Europe’s New AML Directive Means Banks Can No Longer Shut Crypto Out
via Forbes
Anyone doing business in the crypto space knows it’s not regulations that are the biggest obstacle to getting off the ground. Rather, it’s the widespread lack of access to basic financial necessities — like a bank account. This is killing crypto businesses by shutting them out of the mainstream economy.
This practice is known as “de-risking”. The Financial Action Task Force (FATF)characterises de-risking as the phenomenon of financial institutions terminating or restricting business relationships with clients or categories of clients to avoid, rather than managing risk in line with the agency’s guidelines. De-risking stems from various factors, including concerns about profitability, prudential requirements, anxiety after the global financial crisis, or reputational risk.

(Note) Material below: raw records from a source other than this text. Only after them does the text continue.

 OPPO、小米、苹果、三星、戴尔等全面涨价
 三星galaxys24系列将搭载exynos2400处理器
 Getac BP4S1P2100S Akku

This issue is of crucial importance for two reasons:
- De-risking can introduce further risk and opacity into the global financial system, as the termination of account relationships has the potential to force entities and persons into less regulated or unregulated channels. Moving funds through regulated, traceable channels facilitates the implementation of anti-money laundering (AML)/combating the financing of terrorism (CFT) measures;
- It is essential to ensure that the global AML/CFT standard is well understood and accurately implemented, and that countries and their financial institutions are provided with support in designing AML/CFT measures that meet the goal of financial inclusion.

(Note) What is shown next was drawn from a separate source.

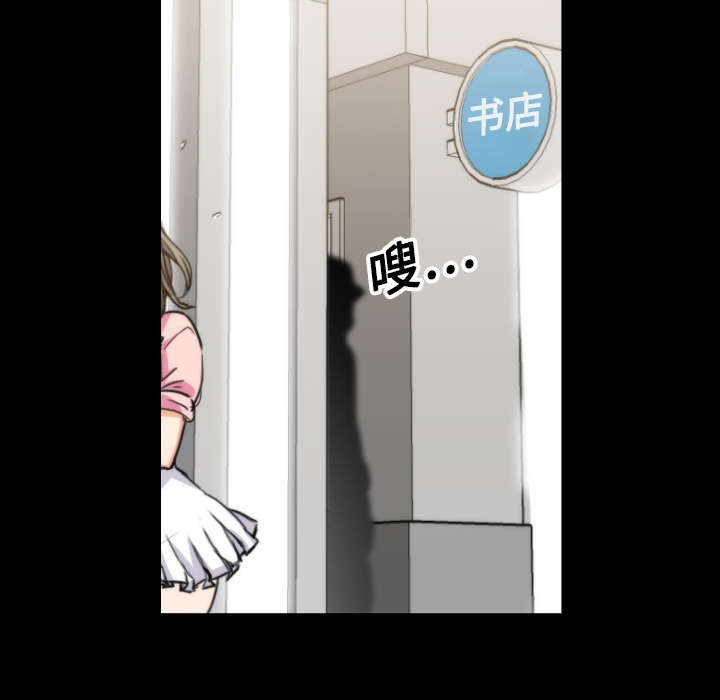 金手指电影原型事件漫画,第42章：释放欲望1图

The FATF Recommendations only require financial institutions to terminate customer relationships, on a case-by-case basis, where the money laundering and terrorist financing risks cannot be mitigated. It is, however, not in line with FATF standards to cut loose entire classes of customers, without taking into account, seriously and comprehensively, their level of risk or risk mitigation measures for individual customers within a particular sector. Nevertheless, it remains a widespread problem for crypto.
But this may be about to change thanks to the European Union’s much-awaited 5th Anti-Money Laundering Directive, or AMLD5. Under the directive, which entered into law on 9 July 2018, virtual assets and virtual asset service providers are now recognised as “obliged entities” — the same designation as banks, payment processors, gaming, and gambling businesses. This means that, provided these crypto businesses can show evidence of compliance with relevant regulations, they must be treated in the same way as other businesses.

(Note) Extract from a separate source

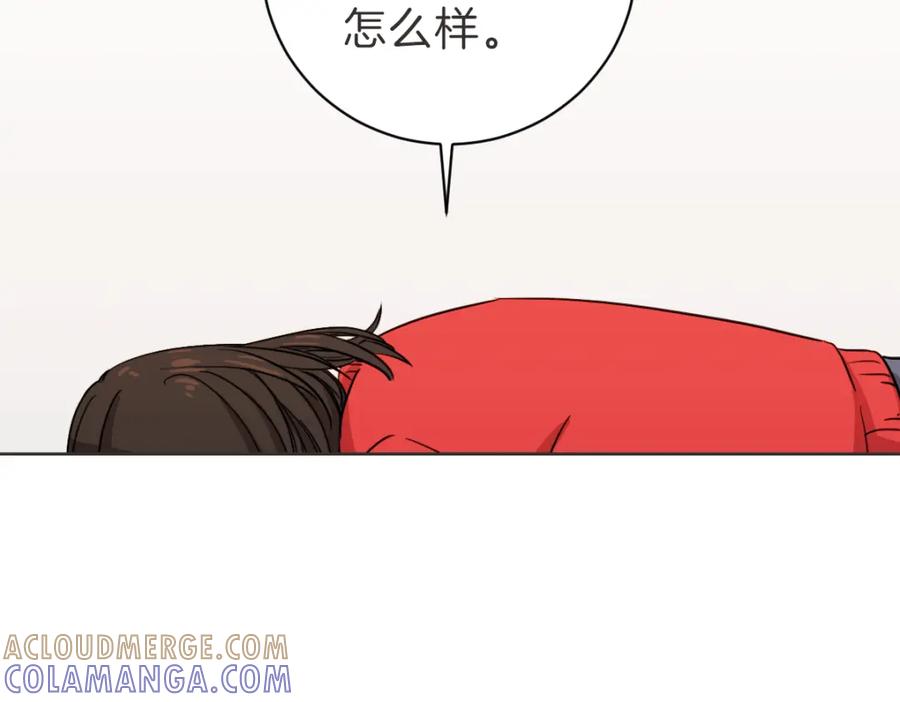 《虽然说了不是你》第5话 你只会骗我 第9页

Let me explain why this is so important.
Under AMLD5, banks must manage the AML risk related to the specific counterparties they work with. They cannot refuse services simply because an entity belongs to a particular sector such as crypto; cases must be assessed individually. So a bank cannot refuse service just because a counterparty is, for example, a cryptocurrency exchange.
This is both a challenge and an opportunity for the crypto asset space. In order to reach its true potential and positively reshape the financial industry, blockchain must accept — even welcome — the scrutiny of global regulators. It is incumbent on those of us developing solutions based on this technology to work constructively with governments and regulators as well as financial institutions to build, over time, a regulatory and business framework that recognizes the fundamentally new reality of crypto. We can use AMLD5 as a starting point to show the wider world our seriousness and commitment to transparency and delivering real solutions.
It is just as important for governments, regulators, and incumbent financial-sector businesses in particular not to let their lack of familiarity, and in many cases comfort, lead them to unfairly stifle the legitimate growth of the technology. “De-risking” should never be an excuse for the private sector to avoid implementing a proper risk-based approach in line with the FATF standards. This has been emphasised by the FATF on a number of occasions, clarifying that the standards require the application of a case-by-case risk-based approach, as opposed to wholesale de-risking.
AMLD5 is therefore a positive development for crypto businesses. It is now essential that founders and developers work with regulators from the EU and elsewhere to establish, over time, precedents for cooperation that work for everyone. All sides must be respectful in this enterprise. And while I believe AMLD5 has its shortcomings, I’m confident it can be an open door for crypto companies can gain a foothold in the mainstream financial sector in a way that helps our industry, and the broader economy, grow and thrive.
It is my hope that, with this new directive (and a fair-minded enforcement regime), the EU is signalling to financial sector businesses that crypto must be treated like all other technologies: fairly, on a case-by-case basis. It is past time for incumbents to stop tarring all blockchain platforms with the same brush, and instead to start working with us to deliver solutions to our customers.